This is my third school year out of the classroom and although I feel as though I am always busy, I’ve noticed something that has never come to my attention before; teachers move at breakneck speeds. It seems that when I try to talk with teachers whether in their classrooms or in corridors, they are always moving, shifty eyes and fidgeting with materials are the norm. I find myself trying to following their thought process but they appear to be inundated with tasks, paperwork, deadlines and fragmented thoughts.
What is happening? This feels very foreign to me, it’s almost as though I’m moving in slow motion with people swishing by me. Is this something new or has it always been this way? As I ponder this question I immediately attempt to place myself in a classroom teacher’s shoes. I wonder if I too would be gliding around from task to task? I always thought of myself as a reflective educator, however this new insight has made me question my teaching.
- Was this also me as a classroom teacher?
- Was I racing to beat the clock or be on pace with my colleagues?
- Was I aware enough of students needs?
- Did I truly listen to my students to uncover their thinking?
- Was I sacrificing learning for efficiency?

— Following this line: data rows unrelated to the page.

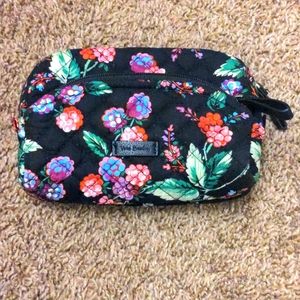 Barely Used Vera Bradley "Winter Berry"  Retired Pattern Cosmetic Case 7x5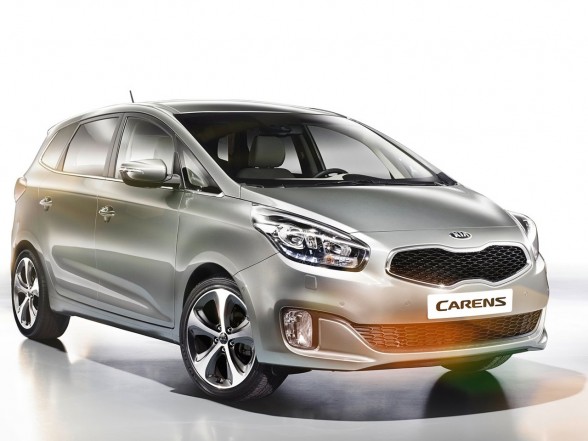 2013-Kia-Carens-Front-Angle-588x441.jpg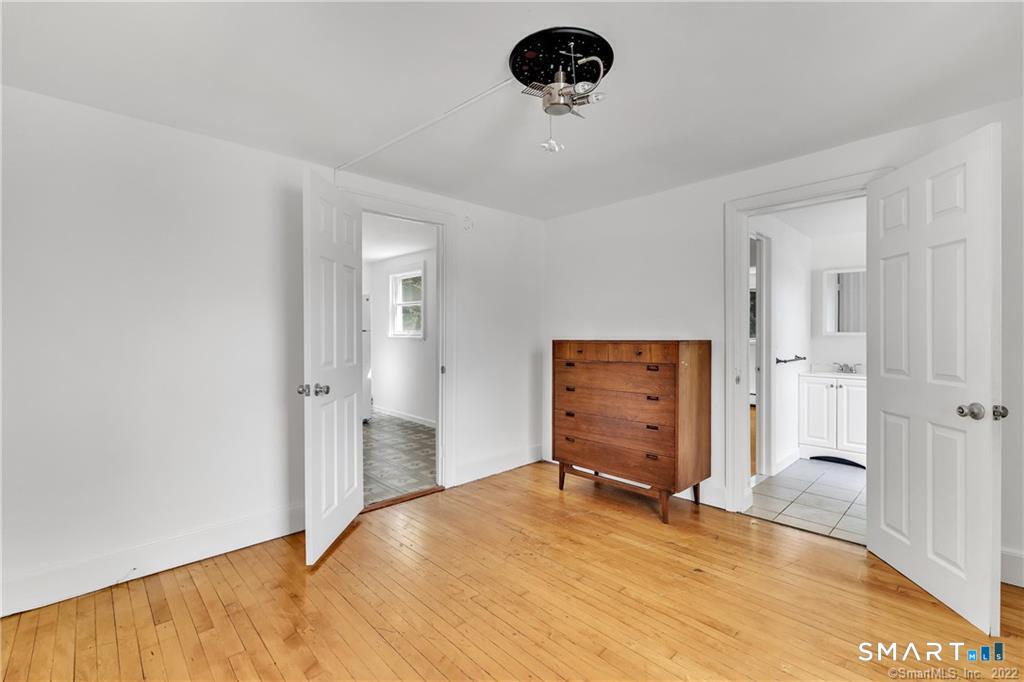 11 Hallmark Place Property Photo 30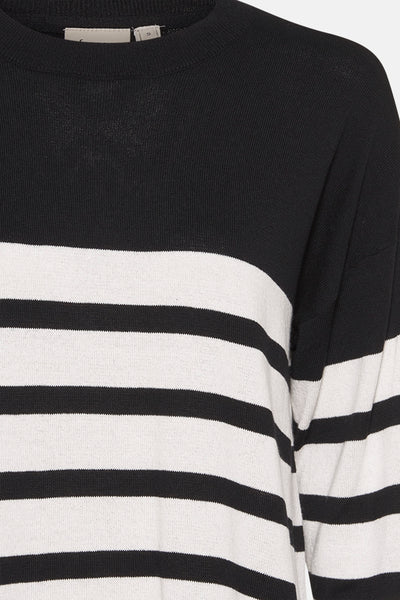 Pull à col rond noir de Fransa, avec rayures horizontales blanches sur fond noir tricoté.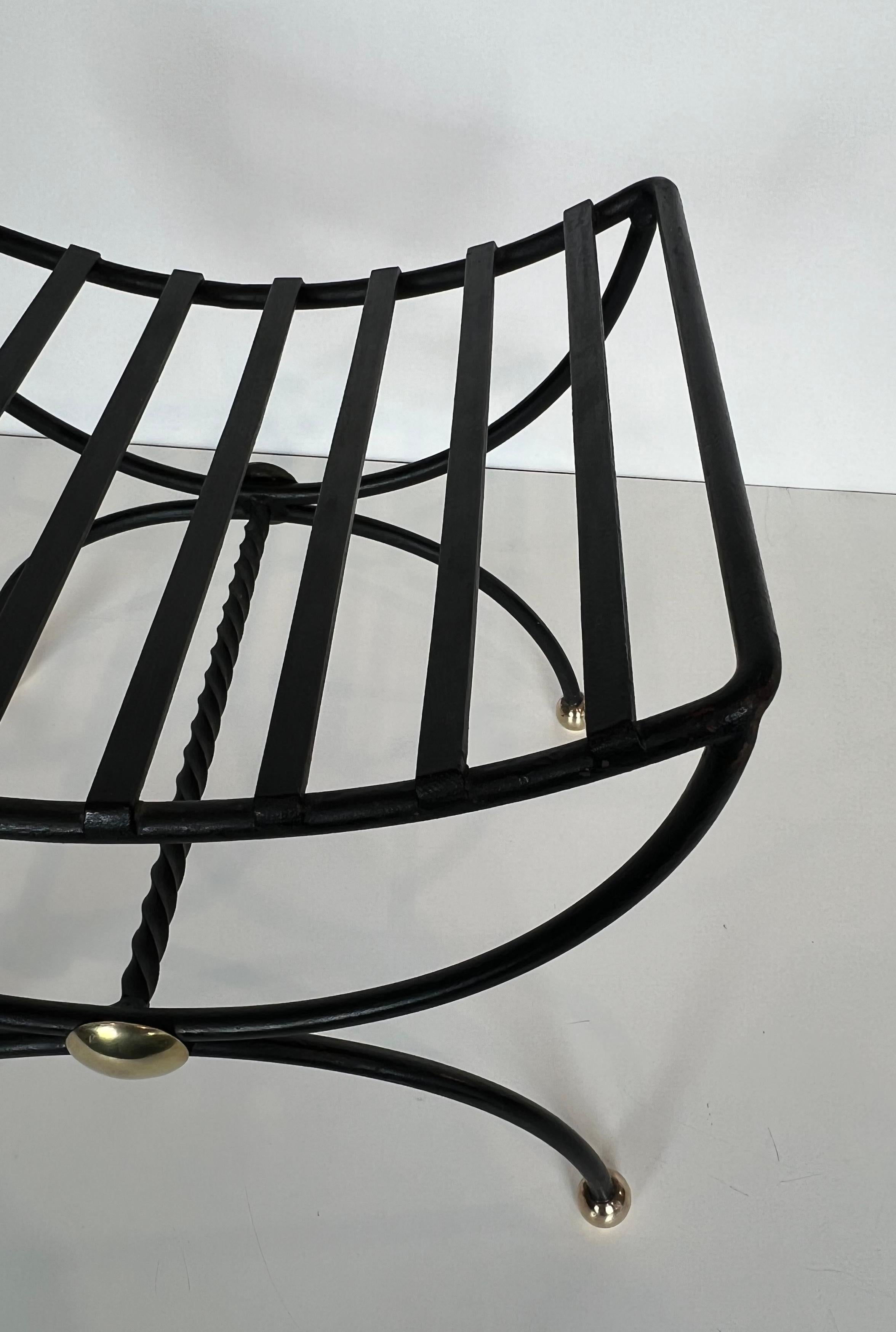 Paire de tabourets Curule Design en fer forgé et laiton en vente 9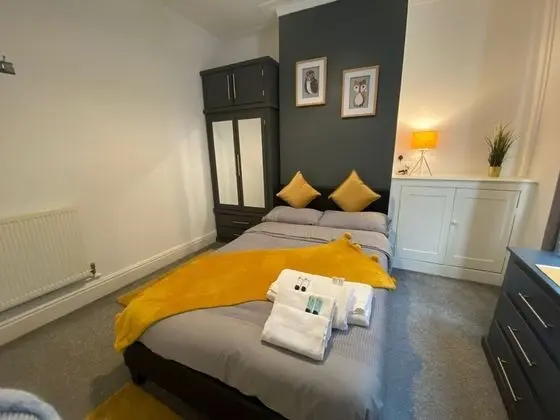 Stunning 4-bed House in Derby - Oda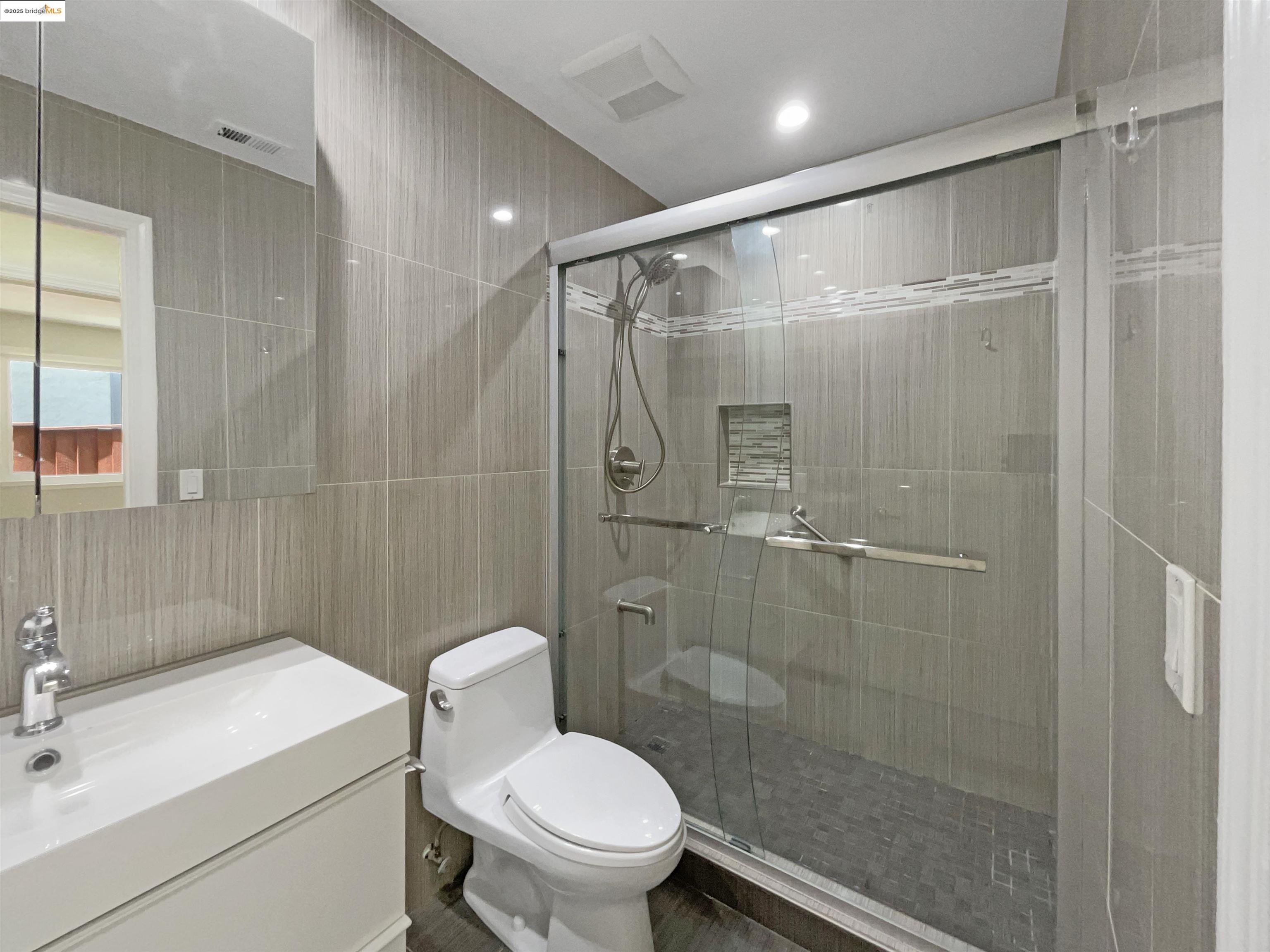 Detail Gallery Image 22 of 32 For 2579 Bishop Ave, Fremont,  CA 94536 - 3 Beds | 2 Baths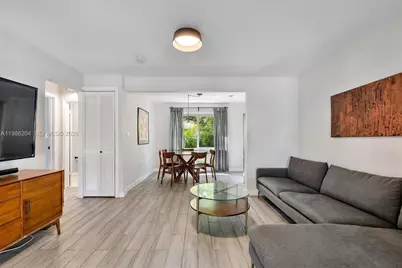 74 NW 117th St, Miami, FL 33168 - Photo 5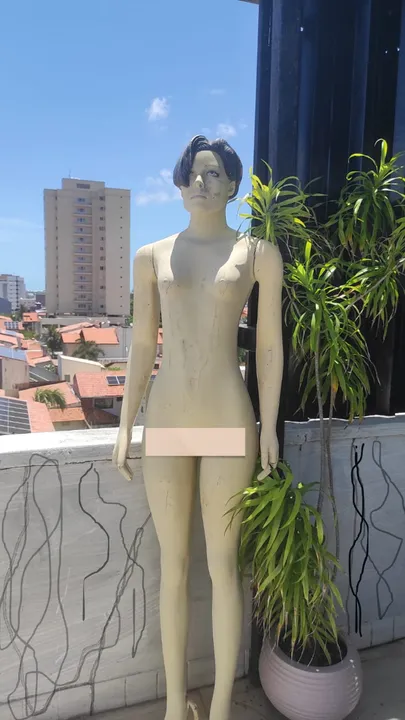 MANEQUIM FEMININO FIBRA COM DEFEITO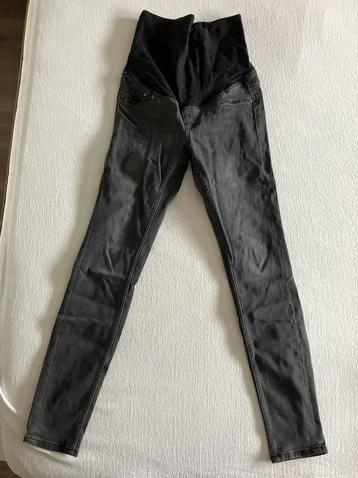 Zwangerschapsjeans maat S/M beschikbaar voor biedingen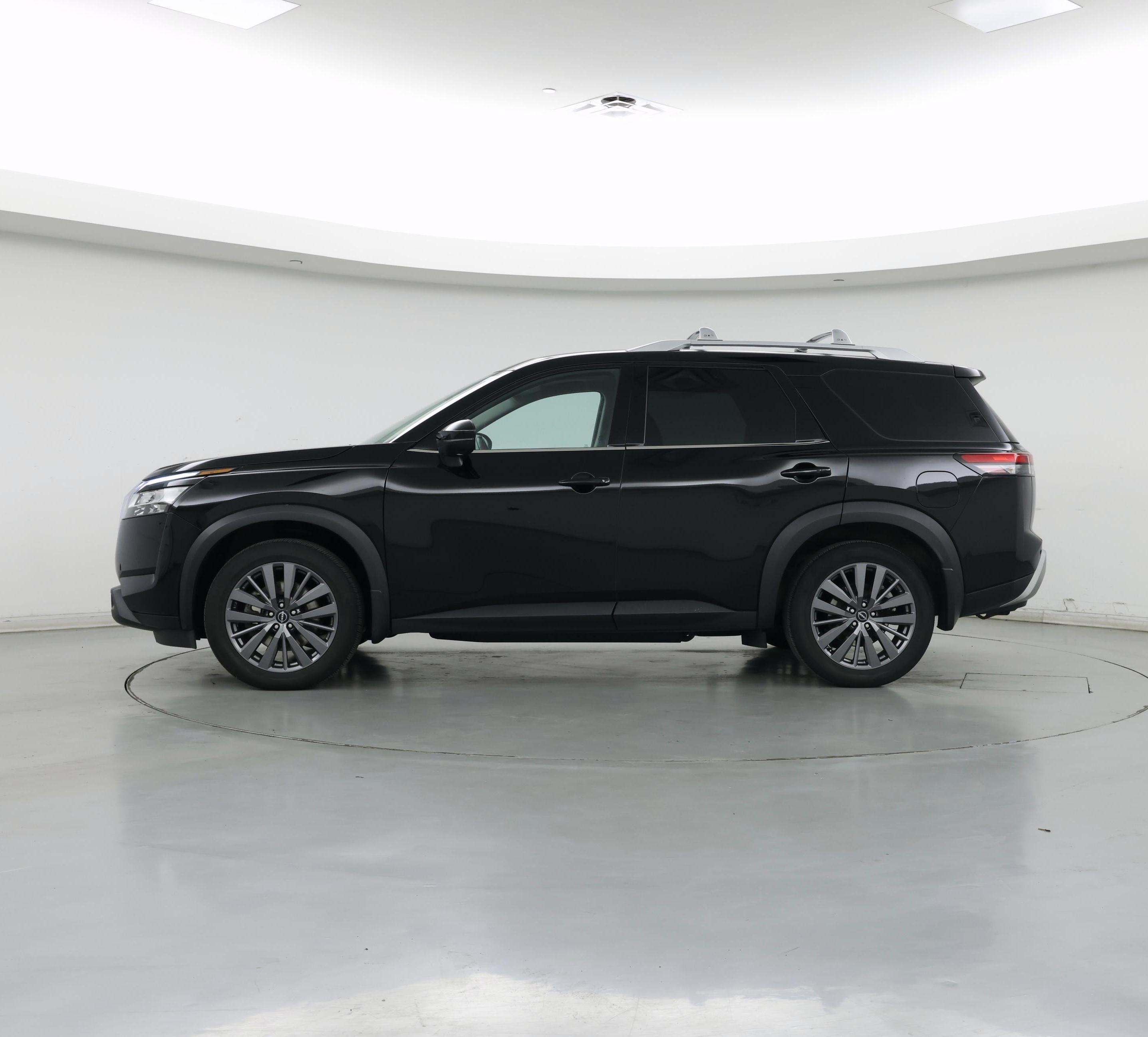Thumbnail: 2024 Nissan Pathfinder - 3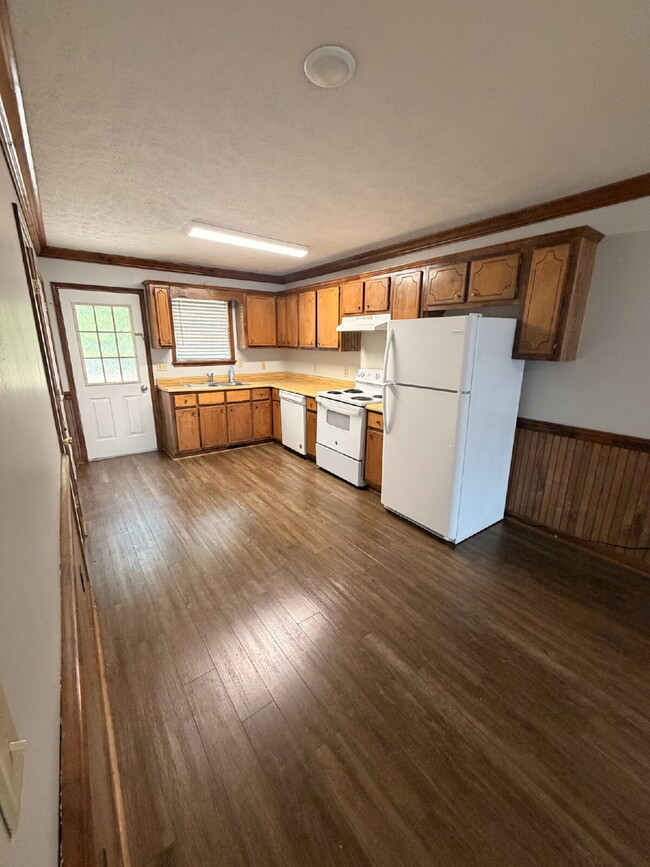 1022 Wesley Cove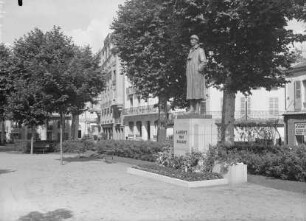 Denkmal für Albert Roi, Soldat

The last question really made me examine my own pervious performance. I wonder how often I valued efficiency in a task or a lesson at the expense of the learning of my students? I feel some guilt over the examples that started coming to mind. I know that I can’t go back and change my actions. I’m frustrated that I didn’t take every opportunity to be present with my students and that I allowed the responsibilities of my work take away from the purpose of my work. I realize that maybe it’s the nature of the beast, maybe this is what education has become. I truly hope that this is not the case.
I challenge you to take a few minutes each day and to ask yourselves if what you are doing is mindful and present.